A Florida man allegedly caught with 78 pounds of methamphetamine in a traffic stop on 1-90 in Stillwater County last month has denied two federal drug charges.

Nicholas James Imhoff, 29, appeared in federal district court on Monday, March 16, and pleaded not guilty to one count of conspiracy to possess with intent to distribute methamphetamine and one count of possession with intent to distribute methamphetamine.

Imhoff also lost a bid to be released from custody so that he could enter a treatment facility in Illinois. Following testimony from family members and at least one letter from the facility, federal Magistrate Judge Timothy J. Cavan denied the motion, according to a docket entry on the case in PACER (Public Access to Court Electronic Records).

Billings attorney Lance Lundvall is defending Imhoff in the case.

It is believed to the largest meth seizure ever made in Montana on a traffic stop.

THE CASE

The case unfolded when Imhoff was stopped for driving 86 mph in an 80 mph zone on 1-90 on Feb. 11.

The traffic stop was initiated by a Montana Highway Patrol criminal interdiction trooper at 10:26 a.m. at mile marker 392, according to a criminal complaint filed in federal court by Drug Enforcement Administration (DEA) Agent Robert Grayson.

The van Imhoff was driving had been rented for five days from Las Vegas, Nev. Imhoff told the trooper he was travelling to work in North Dakota.

The trooper noted that there was a small suitcase in the van, as well as food wrappers, a carton of cigarettes and bottles of water on the floor. When asked if he had any oilfield clothing, Imhoff told the trooper that his work clothing was at his house in North Dakota, according the court document.

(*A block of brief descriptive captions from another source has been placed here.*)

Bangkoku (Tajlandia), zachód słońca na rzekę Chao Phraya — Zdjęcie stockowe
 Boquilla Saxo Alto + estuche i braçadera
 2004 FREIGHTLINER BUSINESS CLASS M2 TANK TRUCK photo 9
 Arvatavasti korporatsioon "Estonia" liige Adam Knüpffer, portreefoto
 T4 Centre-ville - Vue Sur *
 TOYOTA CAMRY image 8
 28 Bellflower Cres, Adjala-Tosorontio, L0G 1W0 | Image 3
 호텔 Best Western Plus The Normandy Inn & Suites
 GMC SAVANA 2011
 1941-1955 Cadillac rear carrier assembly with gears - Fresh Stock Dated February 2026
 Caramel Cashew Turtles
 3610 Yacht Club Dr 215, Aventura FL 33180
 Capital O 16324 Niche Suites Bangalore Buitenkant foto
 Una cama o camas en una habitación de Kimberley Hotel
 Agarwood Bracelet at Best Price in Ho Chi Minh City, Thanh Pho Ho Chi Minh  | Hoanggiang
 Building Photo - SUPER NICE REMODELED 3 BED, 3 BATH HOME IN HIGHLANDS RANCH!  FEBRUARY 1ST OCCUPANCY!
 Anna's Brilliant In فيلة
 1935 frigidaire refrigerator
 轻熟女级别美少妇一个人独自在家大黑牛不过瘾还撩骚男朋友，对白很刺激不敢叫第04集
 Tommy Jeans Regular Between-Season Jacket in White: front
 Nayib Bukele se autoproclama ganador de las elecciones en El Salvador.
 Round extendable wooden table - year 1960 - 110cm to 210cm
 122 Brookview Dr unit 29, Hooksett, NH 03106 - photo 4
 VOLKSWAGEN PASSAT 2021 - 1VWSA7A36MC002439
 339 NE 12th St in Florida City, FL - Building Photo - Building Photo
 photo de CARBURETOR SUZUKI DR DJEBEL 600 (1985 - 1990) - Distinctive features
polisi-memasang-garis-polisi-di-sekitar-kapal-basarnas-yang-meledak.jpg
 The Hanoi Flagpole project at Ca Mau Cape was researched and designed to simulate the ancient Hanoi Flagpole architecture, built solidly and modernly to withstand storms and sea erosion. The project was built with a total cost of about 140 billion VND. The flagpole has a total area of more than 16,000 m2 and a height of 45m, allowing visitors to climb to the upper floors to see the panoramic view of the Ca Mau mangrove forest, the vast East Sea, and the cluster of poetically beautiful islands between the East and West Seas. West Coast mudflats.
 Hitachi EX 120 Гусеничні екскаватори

The trooper asked Imhoff to come back to his patrol vehicle and saw that Imhoff was shaking and growing increasingly nervous.

When asked, Imhoff was unable to provide the address of the house he stayed at in North Dakota and also could not remember the zip code.

Imhoff denied the trooper’s request for permission to search the vehicle. A MHP K9 was brought in and indicated a positive alert for the presence of illegal drugs in the van, according to court documents.

At that point, the trooper seized the vehicle and had it towed to an impound lot in Columbus. A search warrant was obtained and found in the van was approximately 78 pound of methamphetamine located in the second seat area in the under-floor storage compartments.

The meth was contained in vacuum-sealed plastic bags and wrapped in duct tape.

The meth was then transported to the DEA office in Billings and given to Agent Grayson. Imhoff was taken to the DEA office in Billings, where he requested an attorney.